Full Year 2020 Highlights

  • During the twelve months ended December 31, 2020, beverage can bodies volumes grew 14% year-over-year, driven by significant growth in South America and Europe. During the year, consumers switched to beverage cans as the preferred option for at-home consumption. This was particularly true for beer, which saw increased sales in off-premise channels, such as grocery stores, supermarkets and discount stores, as at-home consumption increased. On-premise channels where beverage cans are less prevalent, such as bars, restaurants and pubs, realized weaker performance during 2020 given lockdown measures related to COVID-19 as compared to the twelve months ended December 31, 2019. In Q1, Q3 and Q4 2020, beverage can bodies volumes were significantly higher than corresponding periods in 2019 by more than 20%. This strong performance resulted from (i) increased production volumes from our new Czech Republic facility, which began production in June 2020, (ii) full year utilization of our Colombia facility, (iii) increased demand from the U.S. customer base, which was served by shipping cans from our facilities in South America, Asia and Europe and (iv) improved utilization of beverage can capacity at various CANPACK locations. In Q2 2020, beverage can bodies volumes declined by 7% year-over-year due to COVID-19 restrictions.

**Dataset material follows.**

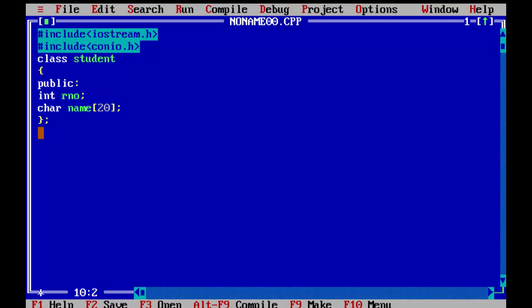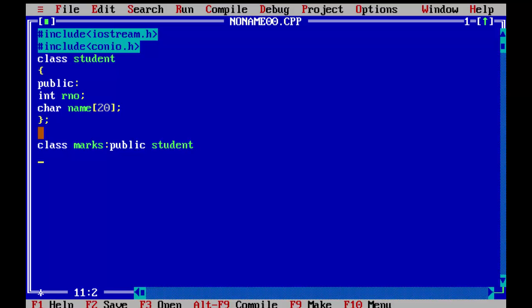Now we will derive the class marks from the student class. To derive the class, the syntax is: class marks : public student. Now we will define marks in this class in public so we can use them in whichever function we want. We will define them as integers since marks are integers — you can also use double for decimal values. Then we will close this class.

  • Our first beverage can investment in the United States (in Olyphant, Pennsylvania) is on-track with the initial project schedule and is expected to stay within the approved budget. We anticipate beginning production as initially estimated in Q4 2021.

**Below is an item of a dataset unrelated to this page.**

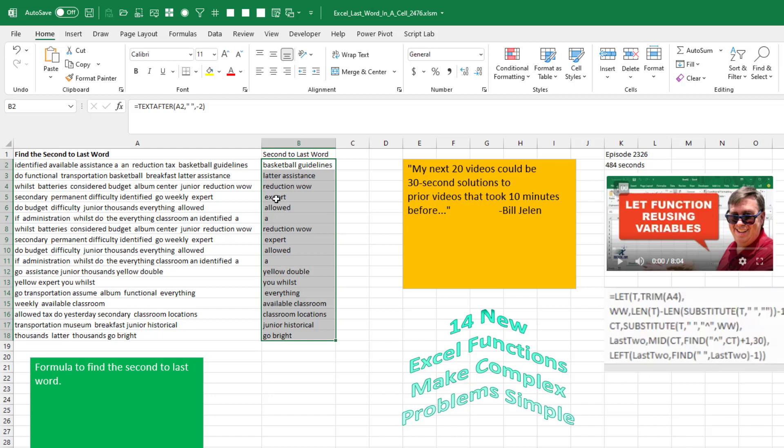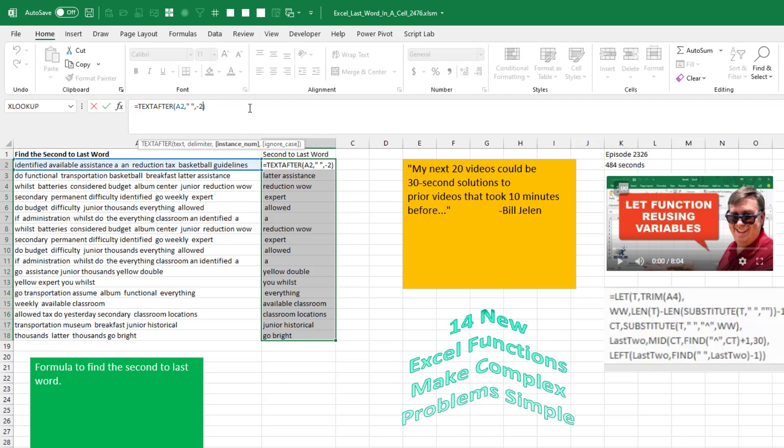But we're having a problem here because the spaces are being seen as two words. And unlike TEXT.SPLIT, there is no option here to ignore duplicates.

  • Net sales increased 5% year-over-year, driven by higher beverage can volumes and a positive impact from currency exchange rate differences. However, net sales were partially offset mainly by lower year-over-year LME levels, local currency devaluation compared to USD in certain countries (mainly Brazil and Russia) and a change in product mix due to growth in smaller beverage cans, which have lower aluminum weight.

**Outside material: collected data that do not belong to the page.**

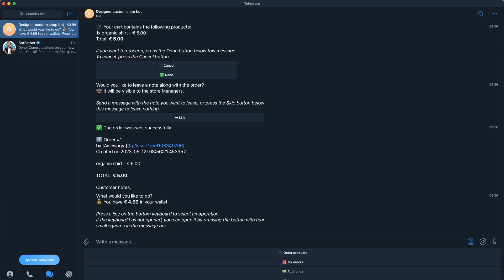So now you have successfully created a Telegram bot shop which accepts Bitcoin as payment. I hope you have understood the installation procedure. If you have any doubts, you can put them in the comment section. Links to the project and other important links are provided in the description below. Don't forget to visit our Twitter page, which is also linked in the description. Thank you for watching and keep using Blockonomics — bye!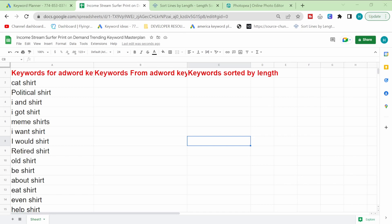Hello guys, welcome back to my channel. My name is Hamish, I'm a professional SEO and in this video I'm going to be showing you how to make thousands of print-on-demand designs very, very quickly.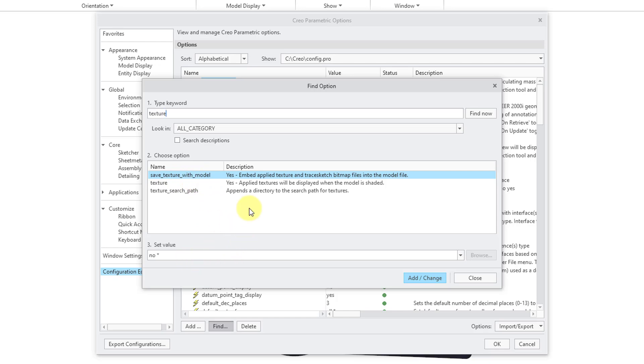And the default value is No. I recommend that you set it to Yes so that any applied textures and trace sketch bitmap files will be saved into the model file itself. The other option to be aware of is Texture Search Path.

  • Cost of sales increased 3% year-over-year, driven by higher beverage can volumes and currency exchange rate differences charged by suppliers. This was partially offset mainly by lower year-over-year LME levels, local currency devaluation compared to USD in certain countries (mainly Brazil and Russia) and a change in product mix due to growth in smaller beverage cans, which have lower aluminum weight.
  • Adjusted EBITDA increased to $445 million in 2020 compared to $365 million in 2019 (+22%), mainly driven by higher volumes in beverage cans, improved productivity of our greenfield investments in Colombia, the Netherlands and the Czech Republic, tight cost controls, a net positive impact from currency exchange rate differences and a one-off gain in SG&A (see Note 23 of the 2020 U.S. GAAP combined financial statements for details).
  • Capital expenditures increased to $371 million in 2020 compared to $190 million in 2019. This increase in capital expenditures was mainly driven by an initial investment in the U.S. beverage can facility in Olyphant, Pennsylvania (which is now nearing completion), the Czech Republic investment (which began production in June 2020) and the capacity expansion project in Colombia.
  • Net cash provided by operating activities increased by $40 million to a net inflow of $320 million in 2020 compared to a net inflow of $280 million in 2019. This increase in cash provided by operating activities was primarily due to higher adjusted EBITDA, partially offset by the impact of higher working capital employed in the business as a result of increased sales.
  • Free cash flow was positive, representing a cash inflow of $6 million in 2020 compared to a cash inflow of $146 million in 2019. In 2020, higher adjusted EBITDA relative to 2019 was more than offset by a $181 million increase in capital expenditures in 2020 relative to 2019.

Q1 2021 Highlights

  • During the three months ended March 31, 2021, beverage can bodies volumes grew 21% year-over-year. Consumers have continued to switch to beverage cans as the preferred option for at-home consumption. This was particularly true for beer, which saw increased sales in off-premise channels, such as grocery stores, supermarkets and discount stores, as at-home consumption increased. On-premise channels where beverage cans are less prevalent, such as bars, restaurants and pubs, realized weaker performance during Q1 2021 given restrictions related to COVID-19 as compared to the three months ended March 31, 2020. CANPACK’s strong volume performance resulted from (i) increased production volumes from our new Czech Republic facility, which began production in June 2020, (ii) capacity expansion in Colombia, (iii) increased demand from the U.S. customer base, which was served by shipping cans from our facilities in Asia, South America and Europe and (iv) all capacities being sold out due to increased demand in Europe and South America.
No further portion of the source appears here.